Monday 6 June 2016

Dear Depression

[DISCLAIMER: This has been written as a reflection on personal experience with mental illness. It does not reflect all experiences of depression or anxiety. If you are looking for a depiction of depression that is more factual and raw please seek out Andrew Solomon's Ted Talk. While this has been written with a stylistic purpose, it is not an attempt at beautifying or glamorizing an illness that has effected many areas of my life, as well as the lives of many others. Please click away if you are likely to be triggered by pieces of writing that may mention depression or self harm.]
Dear Depression,
You crept into my life the way mould slowly collects in the once new corners of misty bathrooms. Covering shiny lacquered tiles with your dull film. Turning the lingering scent of sweet perfumes into a stench that is dark and damp.

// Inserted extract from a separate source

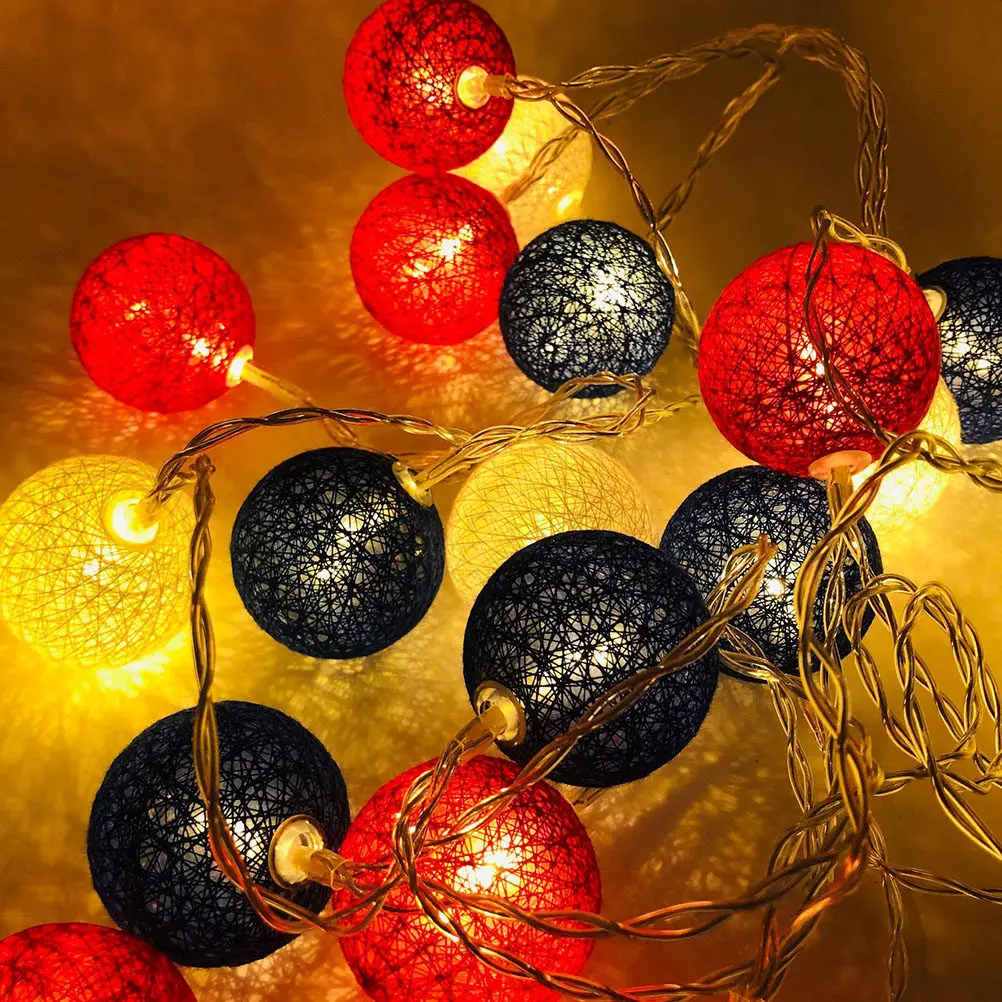 1-unidade-de-luzes-led-decorativas-em-formato-de-bola-redonda-nas-cores-vermelho-branco-e-azul-perfeitas-para-o-dia-da-independencia-festas-no-jardim-e-iluminacao-de-quintal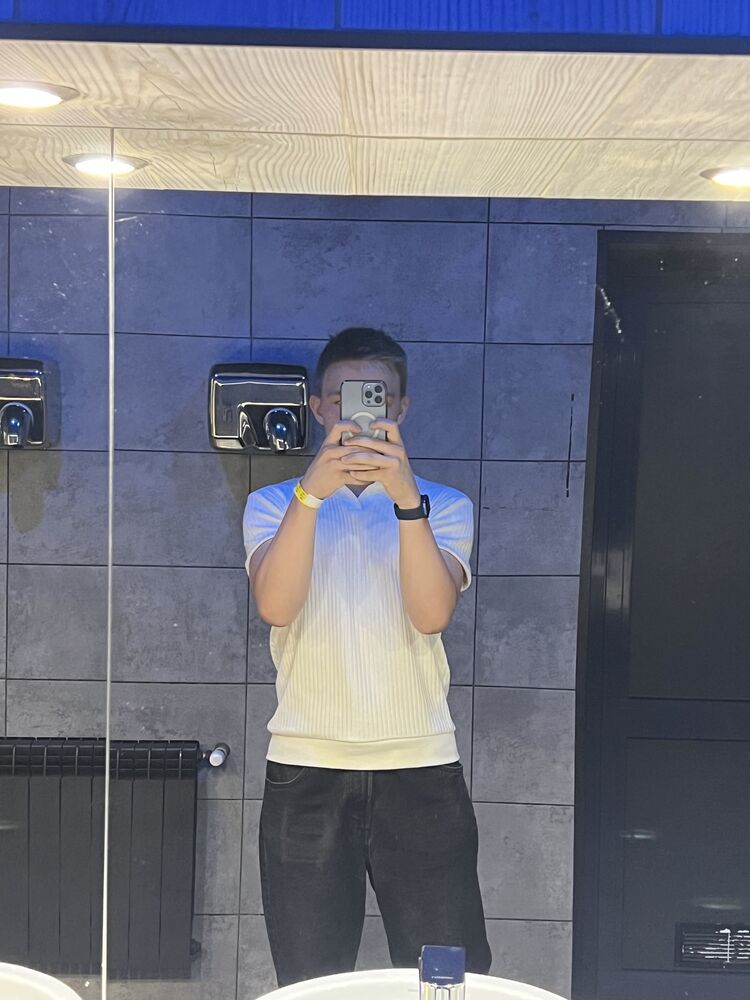 ���������� �����, ���� ������� ��������, 26 ���, ������������ ��� ������, ����� � ���������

You stole nights warm between flannelette sheets and gave me nightmares and long nights of clamped jaws and grinding teeth.
My body was pure, my veins clean, until you left marks like splintered glass and poured chemicals into my bloodstream. You made 60mg feel like a failure and 30mg feel like a sick victory. Did I win? No.
You’ve deprived my lips of food and made my eyes sting as though standing to close to a smoking fire.
You’ve hacked at my temper until it became so short a stump that I’d scream and push away the ones I love most.
You took my passions and interests and cast them aside like kitchen scraps to be thrown into a stagnant, rotting heap.
You’ve made my skin crawl and my mind drown. You’ve stolen nights, days, months, years… and yet, you have not stolen me.
You’d see me isolated, slowly decaying like a plant deprived of water; my stems becoming thin, my leaves turning brown and dry, and yet I bloom. In days of sun and small victories my flowers grow more vibrant. I step from the house with less fear, putting more distance between myself and the dark, mildewed corner of my mind that houses you.
You scream and scratch at my thoughts with desperation as you shrink, becoming lost in the ever-growing forest of my own determination and vitality.
You will remain, sitting to watch through my triumphs and pain. You will continue to break through, into a mind that is not yours to infect, but you will not wither my stems, you will not wither me.
 
While this piece of writing is quite new, it will most likely change as I reflect. Any suggestions and criticisms are welcomed.